The two important reform measures for which the government must be credited for are the passing of the (i) Insolvency and Bankruptcy Code (IBC), and the creation of the Company Law Tribunal to deal with the twin balance sheet problem and (ii) passing of the 122nd Constitutional Amendment to facilitate the levy of the GST. On the first, the resolution of the Bhushan Steel case provides some hope. This is only the first of 52 cases in the two lists sent by RBI to the bankers for resolution under the IBC. There is a long way to go in resolving the issue of bad loans. In fact, bad loans now constitute Rs 9.8 trillion crore and 88% of this is with public sector banks.
RBI seeks to find a solution by subjecting the banks to prompt corrective action when their capital adequacy ratio falls below 10.25% or when their net bad loans exceed 6%, and this further cripples the banks with large NPAs. Not surprisingly, the fourth quarter has seen a sharp jump in NPAs by Rs 1.3 billion. The entire resolution process needs to be sped up to revive the investment cycle. As far as the GST is concerned, despite the hype created in unveiling it, its levy did create considerable disruption due to its complicated structure and compliance requirements. This, however, is a work in progress and hopefully, will settle down in the medium term.
Much of the action of the government has been in expanding various schemes involving subsidies and transfers, and most of them are poorly designed. Even those with some reform content turn out to be simple bail outs and the reform part simply gets ignored while implementing them. Take for example, the UDAY scheme. The power discoms’ loans have been taken over by the states but the AT&C losses have increased in many states after UDAY! Similarly, in the scheme on “smart cities”, no one has defined what they are or estimated the expenditure required to create them, and how much the contribution of the Centre, states and local governments should be.

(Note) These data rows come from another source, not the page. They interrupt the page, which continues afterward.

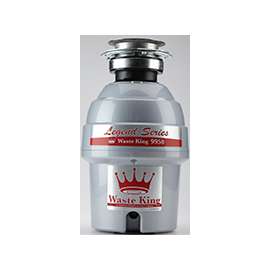 Waste King Legend 9950 Domestic Disposer, 3/4 hp Motor, 115 V, Stainless Steel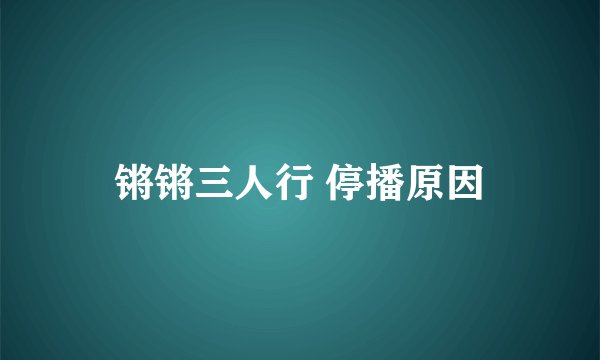 锵锵三人行 停播原因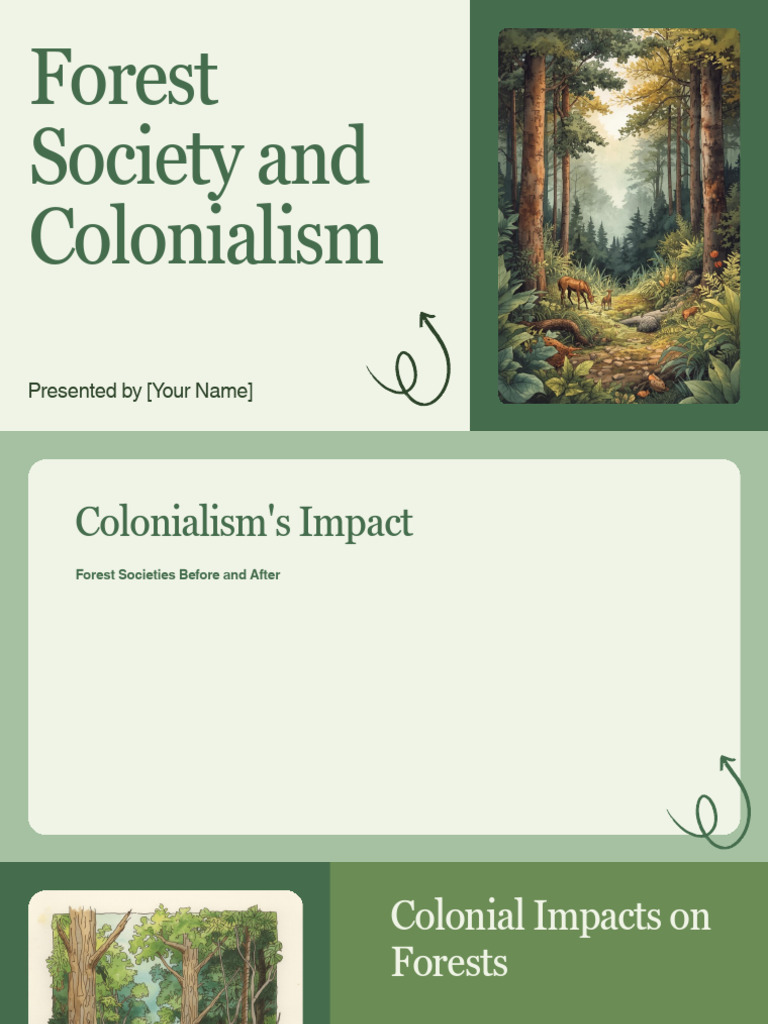Presentation - Forest Society and Colonialism 2 | PDF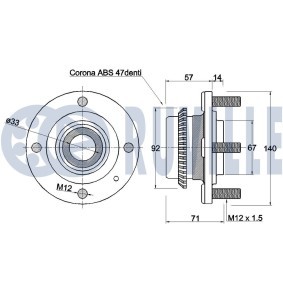 Rollensatz, Zahnriemen 5554150 von RUVILLE günstig für 64,78 € online kaufen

A measure of spending on the schemes is not the measure of performance. The specific purpose transfers for various schemes are meant to ensure a minimum standard of services which implies that each of these schemes must be defined in terms of the minimum service levels they are required to ensure and should be funded adequately to meet the targets. Unfortunately, what we have seen is more of the same as in the past.

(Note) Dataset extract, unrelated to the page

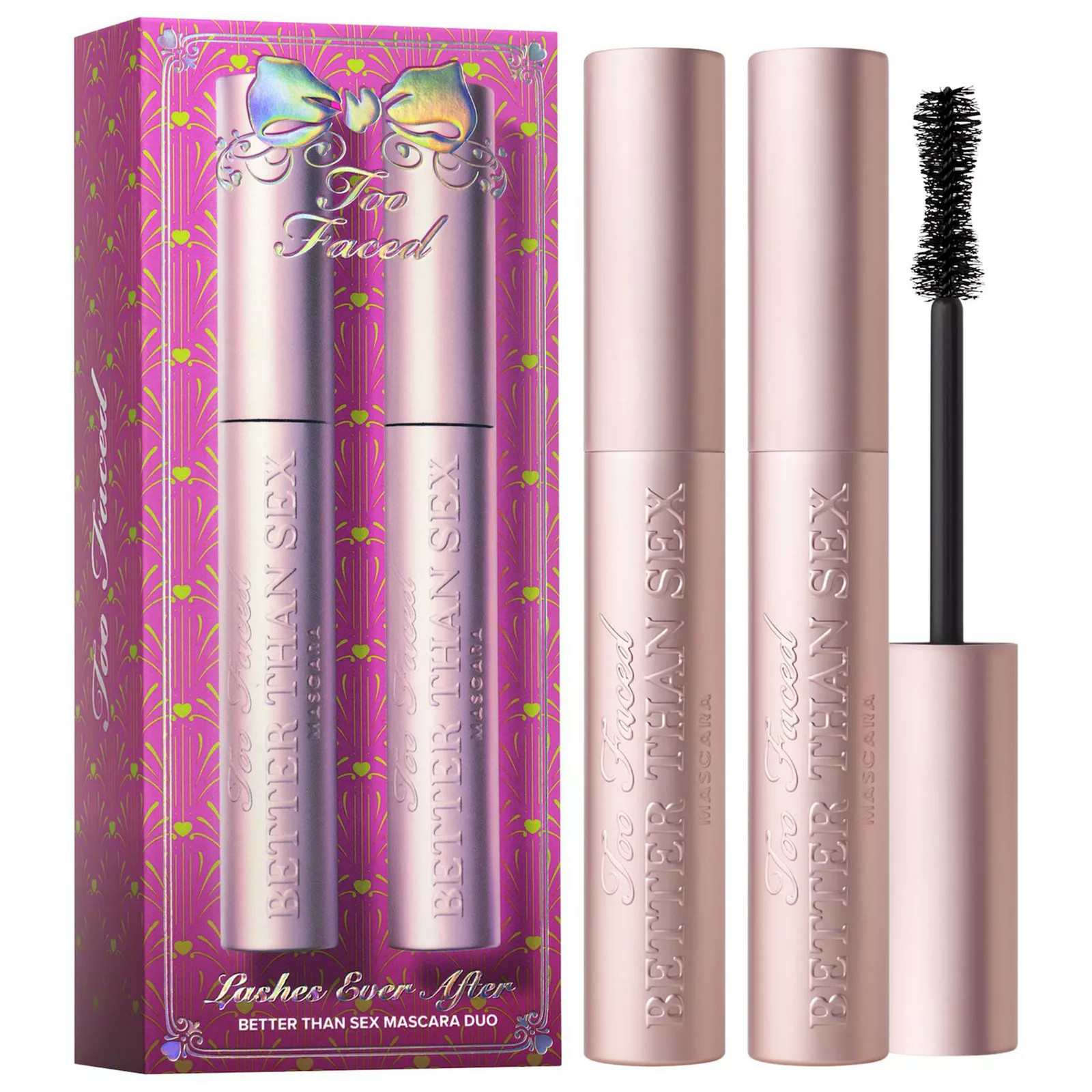 Too Faced Lashes Ever After: Better Than Sex Mascara Duo Makeup Gift Set, Size: 0.54 FL Oz, Black | Kohl's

There are many areas which call for immediate attention by the government. The government came with the vision of containing subsidies and transfers but has only increased them. Air India privatisation is stuck. The ‘Maharaja’ is a family embarrassment, not a family silver, and should be dispensed with no conditions attached to save further loss of taxpayers’ money. The reforms of the regulatory system in education and healthcare have simply not taken off.

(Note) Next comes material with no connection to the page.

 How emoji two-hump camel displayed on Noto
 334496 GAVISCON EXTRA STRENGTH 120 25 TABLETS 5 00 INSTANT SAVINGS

Labour laws continue to be talked about without any action. The farm distress is being addressed in terms of loan waivers and fixing prices rather than making and promoting investments in connectivity, storage, marketing, and processing infrastructure. More importantly, the trade policy in the country is taking us back to the import substituting era. Policy making seems to be a hostage to short- term palliatives rather than long- term strategic thinking.